Ceci entraine que les tumeurs ressemblent fortement à du tissu sain et que le système immunitaire ne reconnaît pas du tout ces modifications. Il ne peut donc pas activer son système de défense contre elles. Ou encore, la modification est reconnue par le système immunitaire, mais la réponse de celui-ci est inhibée, c’est à dire, qu’une sorte de tolérance immunitaire se manifeste. Le résultat : une réponse immunitaire inexistante ou trop faible et donc une tumeur qui grandit.
Aujourd’hui, on parle couramment de thérapie immunitaire (ou immunothérapie). Que doit-on comprendre sous ce terme ?
L’ « immunothérapie tumorale » est une terminologie qui comprend un grand nombre de points de départ différents permettant de combattre le cancer au moyen de méthodes employant le système immunitaire. Ces méthodes peuvent consister en des thérapeutiques « externes » qui peuvent être administrées comme infusion (par exemple des anticorps contre des cellules tumorales qui ne sont normalement pas produites par le corps) ou il peut s’agir de mise en éveil du système immunitaire du patient qui était « désactivé » jusqu’au moment de la thérapie. En quelque sorte, les freins sont enlevés du système immunitaire et l’immunotolérance n’est donc plus de mise.
Il existe beaucoup de manières de combattre le cancer par la thérapeutique. Pouvez-vous nous les décrire rapidement et classer l’immunothérapie dans cet éventail de moyens médicaux de traitement ?
D’autres principes thérapeutiques pour combattre le cancer sont, grossièrement classés, la chirurgie, les traitements par rayons et la chimiothérapie classique. À cela il faut ajouter les nouvelles thérapies moléculaires qui misent sur l’interruption des modifications entrainant le développement de cancers et qui ciblent le cœur des cellules tumorales. Pour la chirurgie, il s’agit en principe de procéder à l’ablation de la tumeur originelle. Pour un grand nombre de tumeurs, il s’agit là de la thérapie standard, l’étalon or du traitement. Le problème de cette thérapeutique est que, dans le cas de tumeurs étendues, cela provoque un grand nombre d’effets secondaires. Si la maladie a d’ores et déjà disséminé un grand nombre de cellules ailleurs dans le corps (c’est là que nous parlons de métastases), alors la chirurgie n’est pour la majorité des cas plus la thérapie de prédilection. En effet, elle provoquerait plus de désagréments que de bienfaits pour le patient et une guérison ne serait pas possible.

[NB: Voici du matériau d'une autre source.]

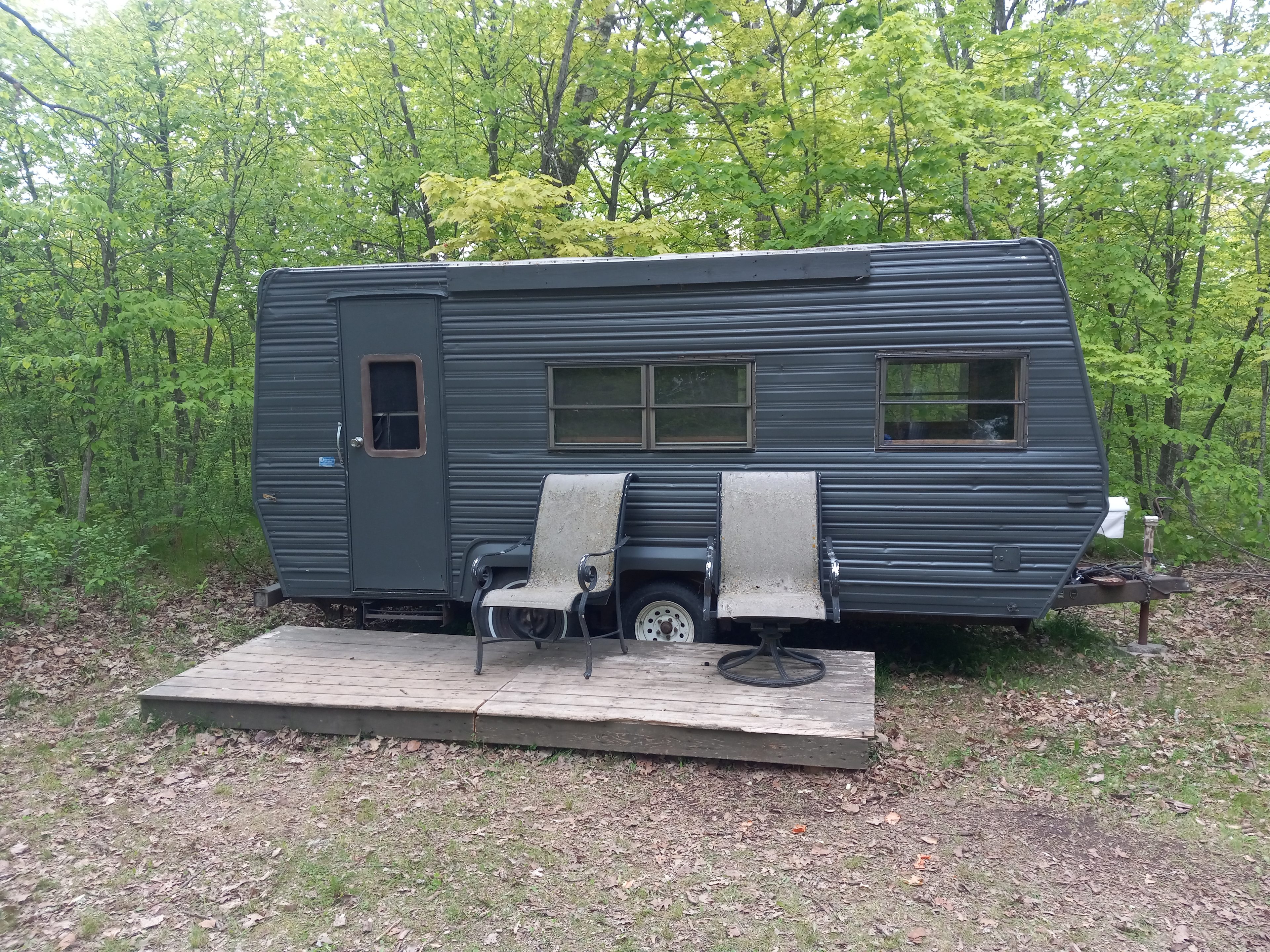 The Hamlet Lake Homestead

Avec les traitements par rayons, il s’agit d’une situation relativement similaire. Là aussi, de grands progrès ont été accomplis ces dernières années, en particulier pour le traitement en cas de dissémination minimale de la tumeur ou lors de métastases dans certaines zones critiques. Les rayons sont devenus plus ciblés et les effets secondaires ont diminué en conséquence. Lors de métastases de grande ampleur, les rayons ne sont plus adaptés en raison de multiples effets négatifs ressentis par le patient.

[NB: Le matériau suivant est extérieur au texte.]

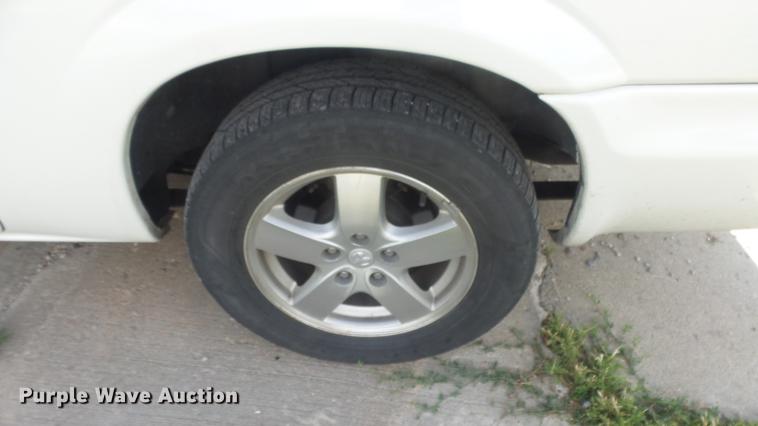 image for item DF4280 2006 Dodge Grand Caravan van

La classique chimiothérapie est appliquée soit pour l’ablation de « résidus de tumeurs » après une opération chirurgicale, soit dans le cas d’une maladie tumorale de grande ampleur. S’il s’agit d’une contamination tumorale de grande ampleur, la chimiothérapie représente encore souvent la thérapie par excellence. Comme les cellules tumorales se multiplient proportionnellement bien plus rapidement que des cellules saines, et que la chimiothérapie s’attaque au mécanisme de division des cellules, elles sont très bien ciblées par ce moyen thérapeutique. La chimiothérapie permet souvent de réduire substantiellement la maladie et de prolonger ainsi la vie du patient.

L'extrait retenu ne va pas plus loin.